(Last Updated On: October 10, 2020)


16.03.2016 //
It may be challenging for Øystein Rustenberg Hveding, trainee at the Norwegian Embassy in Belgrade, to grasp Serbian domestic politics and some Serbians’ strange habits, but he finds it all interesting and important in a certain sense.

Øystein got an opportunity to get to know how the Embassy operates on the inside. His six-month long internship at the Embassy includes a variety of tasks from administrative routines and different reporting to case handling and organisation of official visits. This means that every day is different, which makes the internship all the more interesting and challenging.

“A lot of what I have been doing here is writing about simple things and things I know very well but I have to write it to someone who doesn’t know it  and I have to explain everything. Finding the essence of things and making it interesting and readable, that’s challenging,” he says.

He also comes at an interesting time when Serbia is due to hold general and local elections in April.  Therefore, Øystein is now busy reporting on the elections, trying to figure out which parties are going to make lists together and why they are making lists together. “The politics here is very different from Norwegian politics and other Western European politics. It can be very confusing, but also a lot of fun because there is so much things happening every day and there are very colourful politicians as well,” says Øystein.

He wanted to come to Serbia as one of the few places left in Europe that are not part of EU and NATO. Working with European integration is also something Øystein finds very interesting.

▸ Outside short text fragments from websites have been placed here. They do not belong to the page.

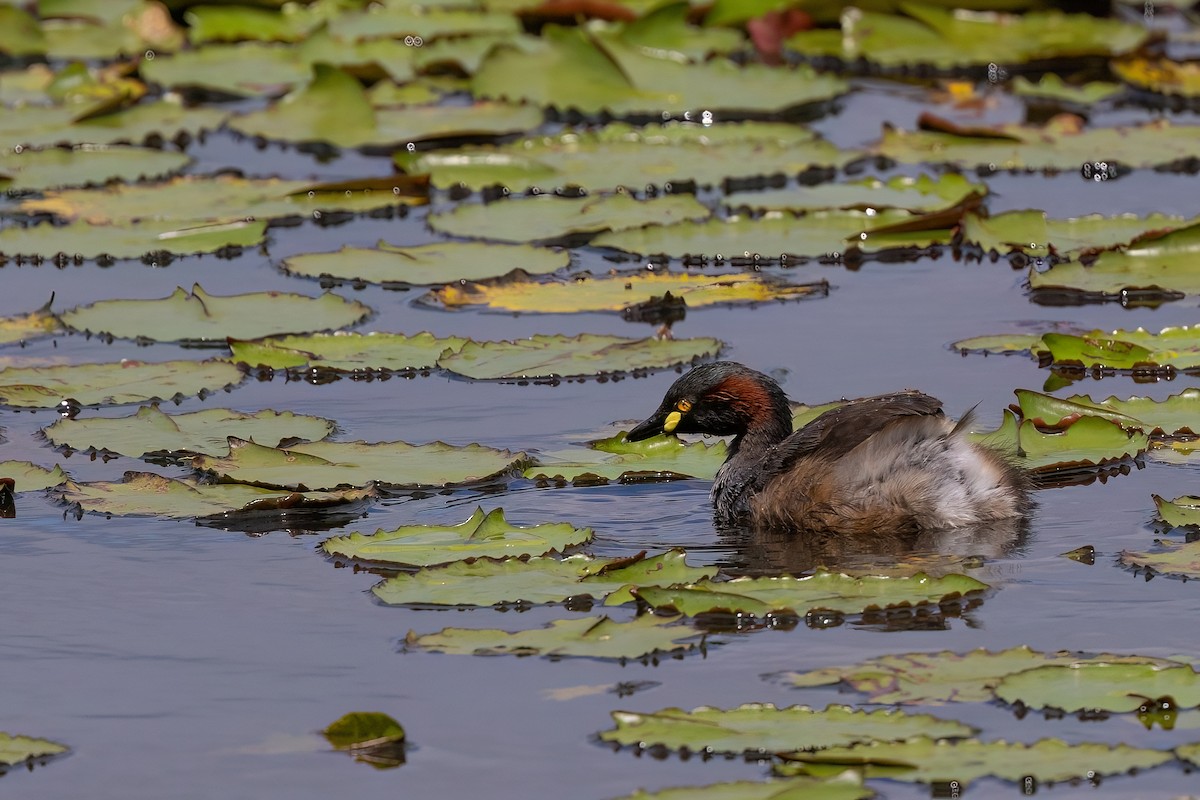 Australasian Grebe - Jaap Velden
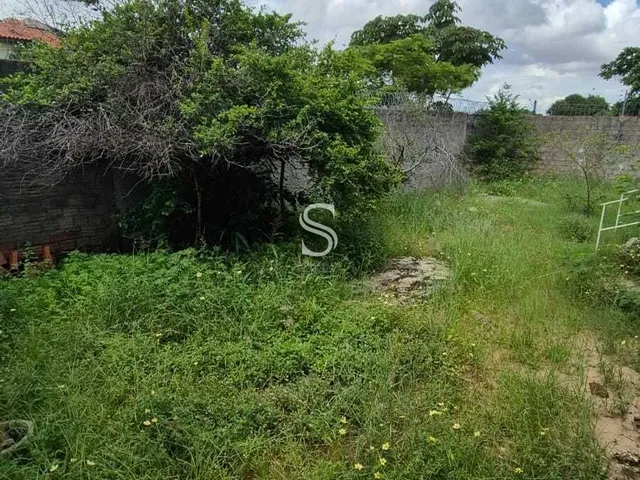 Imagem 13: Casa em Piçarreira, Teresina/PI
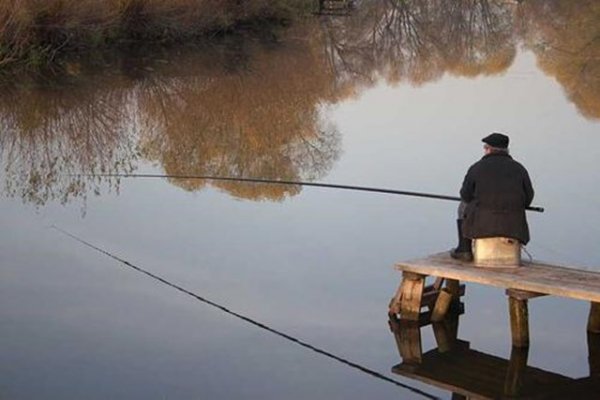 如何区分律诗和绝句的区别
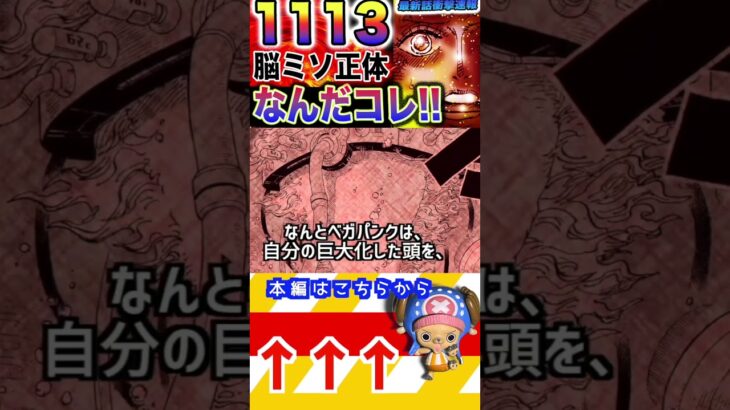 【ワンピース ネタバレベガパンク脳ミソ1予想】(予想妄想)#ワンピース　#ワンピースネタバレ #ONEPIECE #ワンピース最新話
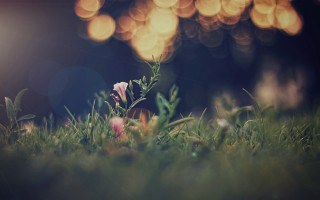 Blurry flower grass bokeh microscopic - claire dalby free wallpaper for desktop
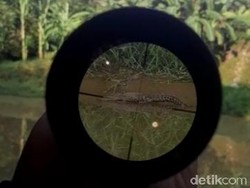 Kondisi Ini yang Membuat Buaya Betah di Sungai Kuripan Pekalongan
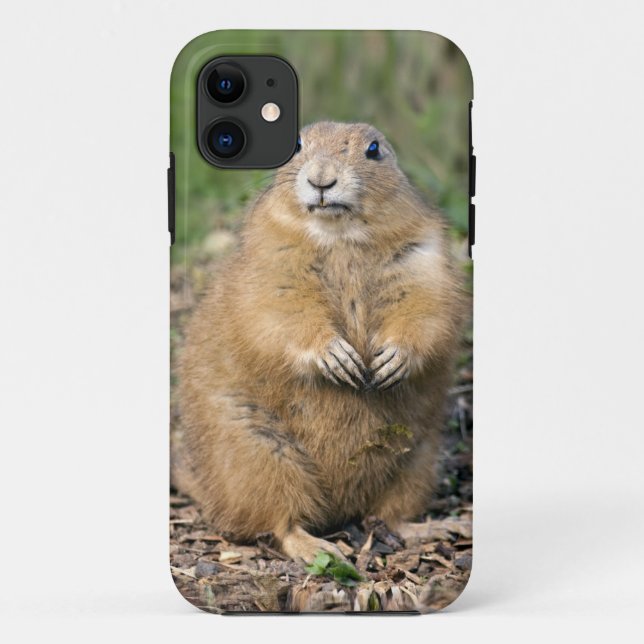 I'm not Fat, I'm Cuddly iPhone 5 Case-Mate Case (Back)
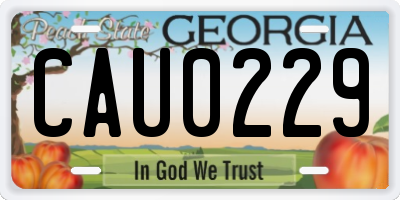 GA license plate CAU0229
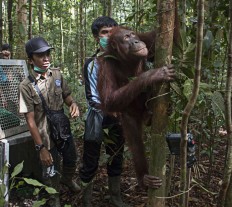 $3.3m in new grants to protect Kalimantan forests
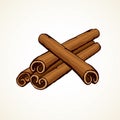 Cinnamon. Vector drawing Royalty Free Stock Photo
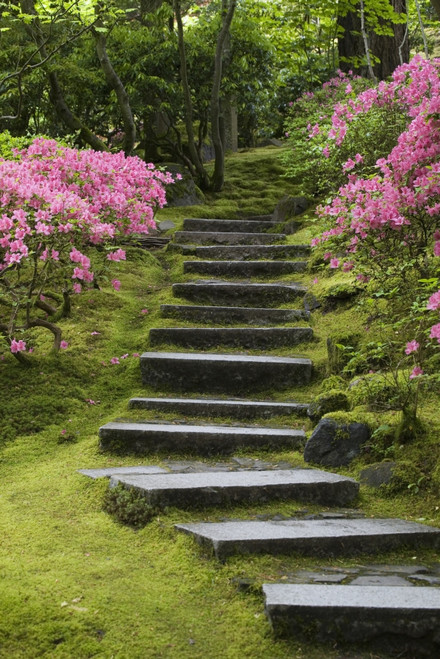Rock Stairway Along A Moss Covered Hill With Flowering Bushes; Portland Oregon United States Of America PosterPrint - Item # VARDPI1964745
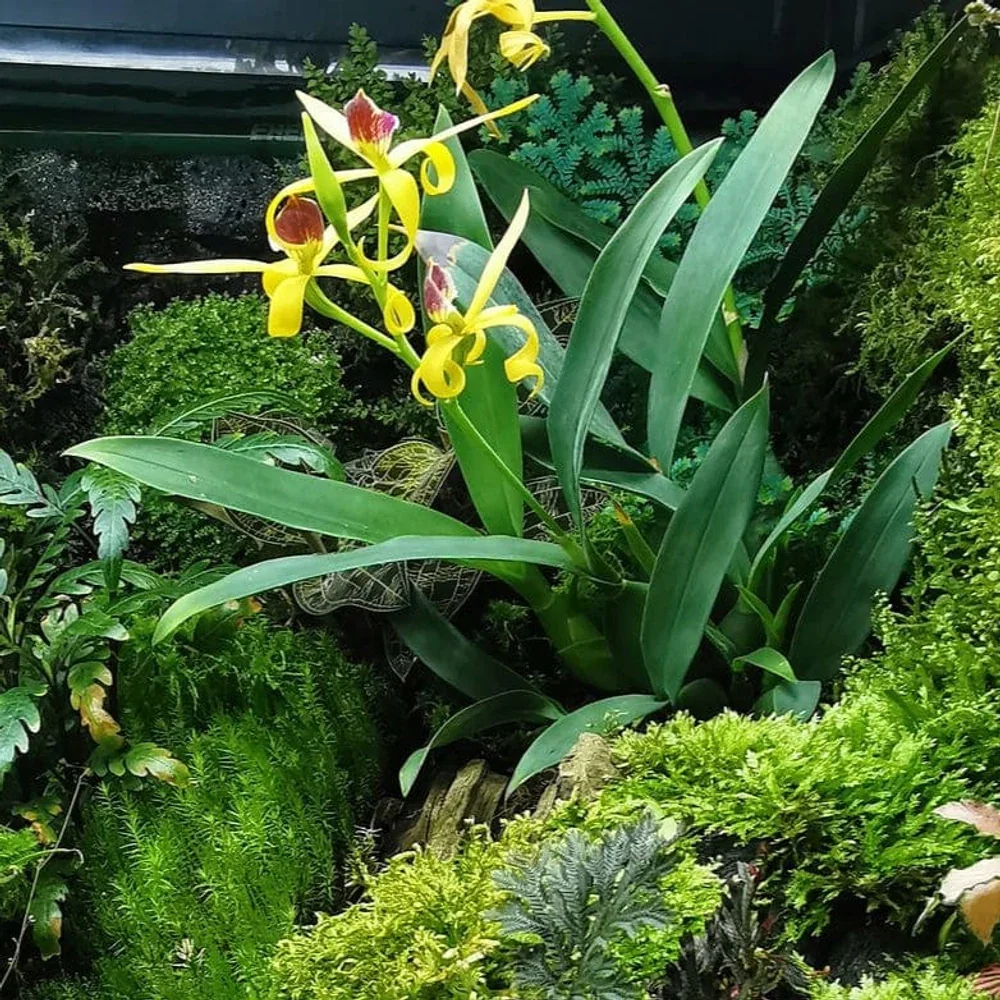 Encyclia Jasper mit orange-gelben Blüten und 1+Rispen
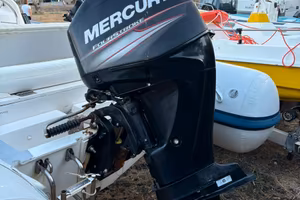 Mercury 40/60 orion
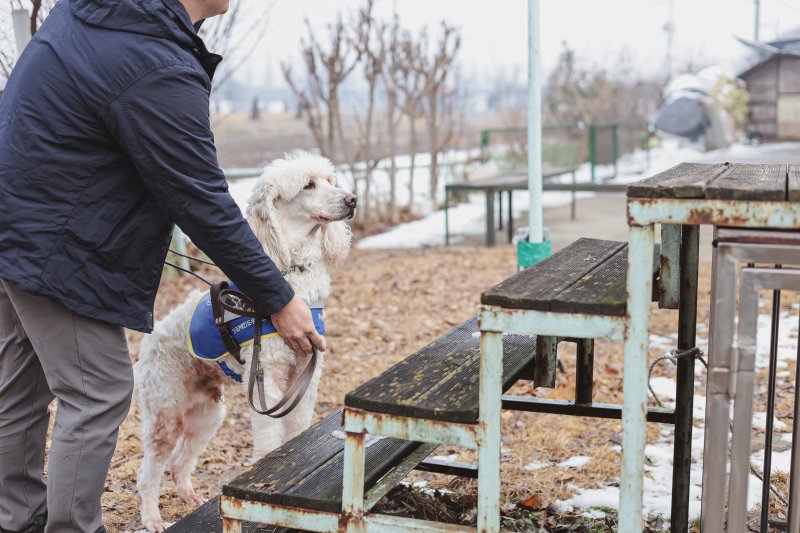 [서울=뉴시스] 한국장애인도우미견협회에서 장애인보조견 훈련 중인 모습. (사진=협회 제공) 2025. 12. 6. *재판매 및 DB 금지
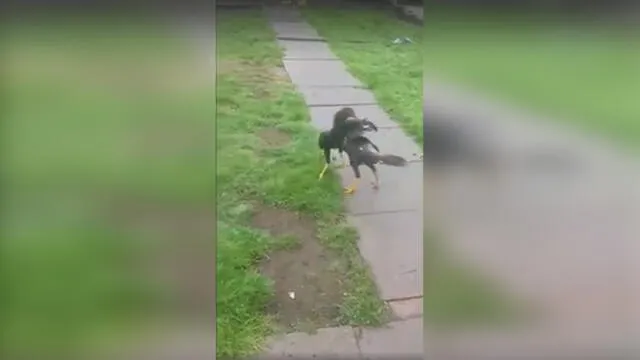 Vía Facebook: pelea de gallos provoca esta reacción en un perro pitbull [VIDEO]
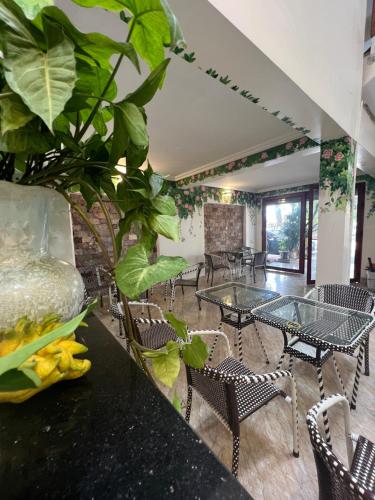 清化Mint Homestay - Thanh Hóa的用餐室配有桌椅和植物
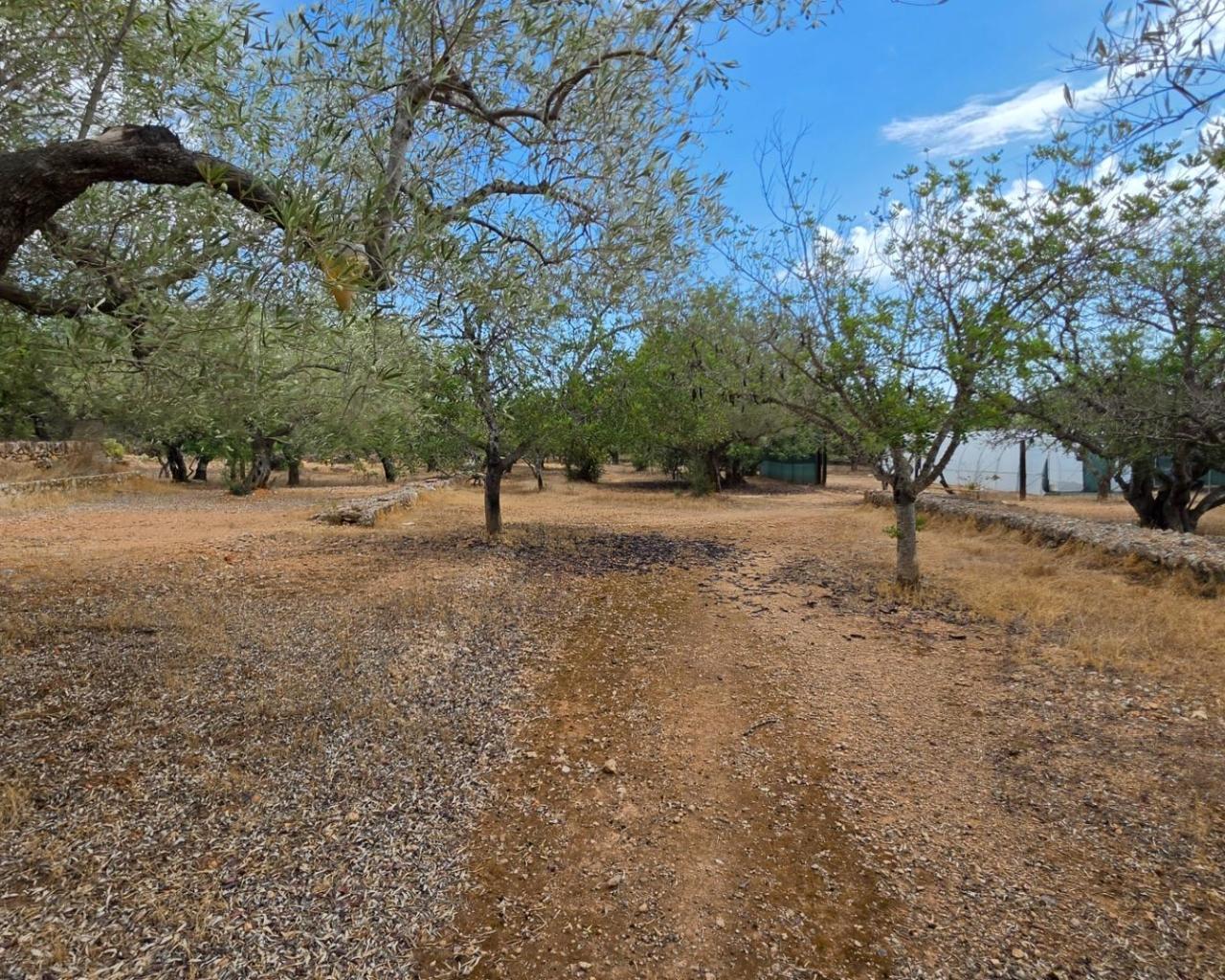 Finca en Venta en El Perelló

Besides big politics, it is no less important for his future career that he is getting used to the whole office situation. “The interns have been following politics for years, so Serbian politics is easy to get into compared to the whole regime of reading emails, making outlook events, and all these small things they did not do before.” For all the Embassy work, the trainees are offered a compensation to cover the basic food and living costs.

Like previous trainees, Øystein enjoys the Belgrade lifestyle — friendly and relaxing atmosphere where one can drink beer in a park and smoke everywhere. “The nightlife is also much better and less pretentious than in Oslo”. When it comes to food, he likes some Serbian traditional dishes but it seems that the only thing he is missing from Oslo is proper Indian, Chinese, Vietnamese and other international cuisine.

One of the strangest things Øystein encountered so far is that people say goodbye when leaving the elevator and men wearing sweatpants outside.